#### EXERCISE DETAILS:
Quote only the lines from the top of the listing below down to and including the line with "Used 2015 Mercedes-Benz".

#### SOURCE MATERIAL:
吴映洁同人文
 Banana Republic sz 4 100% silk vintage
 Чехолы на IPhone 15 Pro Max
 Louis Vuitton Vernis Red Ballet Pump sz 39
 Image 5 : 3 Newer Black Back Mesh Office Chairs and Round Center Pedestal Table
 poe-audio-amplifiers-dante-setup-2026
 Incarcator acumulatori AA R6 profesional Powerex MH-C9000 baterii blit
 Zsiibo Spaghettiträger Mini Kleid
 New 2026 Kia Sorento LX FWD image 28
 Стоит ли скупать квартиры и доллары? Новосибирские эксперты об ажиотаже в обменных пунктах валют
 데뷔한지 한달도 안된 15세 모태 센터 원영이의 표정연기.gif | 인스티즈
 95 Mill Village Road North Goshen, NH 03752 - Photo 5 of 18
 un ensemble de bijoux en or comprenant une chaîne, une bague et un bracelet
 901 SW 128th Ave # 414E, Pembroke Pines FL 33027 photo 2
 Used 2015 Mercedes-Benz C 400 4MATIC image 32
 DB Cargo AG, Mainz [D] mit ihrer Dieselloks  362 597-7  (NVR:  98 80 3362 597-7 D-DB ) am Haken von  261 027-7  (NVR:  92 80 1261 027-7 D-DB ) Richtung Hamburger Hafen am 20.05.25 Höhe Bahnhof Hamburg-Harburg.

#### ANSWER SPACE:
吴映洁同人文
 Banana Republic sz 4 100% silk vintage
 Чехолы на IPhone 15 Pro Max
 Louis Vuitton Vernis Red Ballet Pump sz 39
 Image 5 : 3 Newer Black Back Mesh Office Chairs and Round Center Pedestal Table
 poe-audio-amplifiers-dante-setup-2026
 Incarcator acumulatori AA R6 profesional Powerex MH-C9000 baterii blit
 Zsiibo Spaghettiträger Mini Kleid
 New 2026 Kia Sorento LX FWD image 28
 Стоит ли скупать квартиры и доллары? Новосибирские эксперты об ажиотаже в обменных пунктах валют
 데뷔한지 한달도 안된 15세 모태 센터 원영이의 표정연기.gif | 인스티즈
 95 Mill Village Road North Goshen, NH 03752 - Photo 5 of 18
 un ensemble de bijoux en or comprenant une chaîne, une bague et un bracelet
 901 SW 128th Ave # 414E, Pembroke Pines FL 33027 photo 2
 Used 2015 Mercedes-Benz C 400 4MATIC image 32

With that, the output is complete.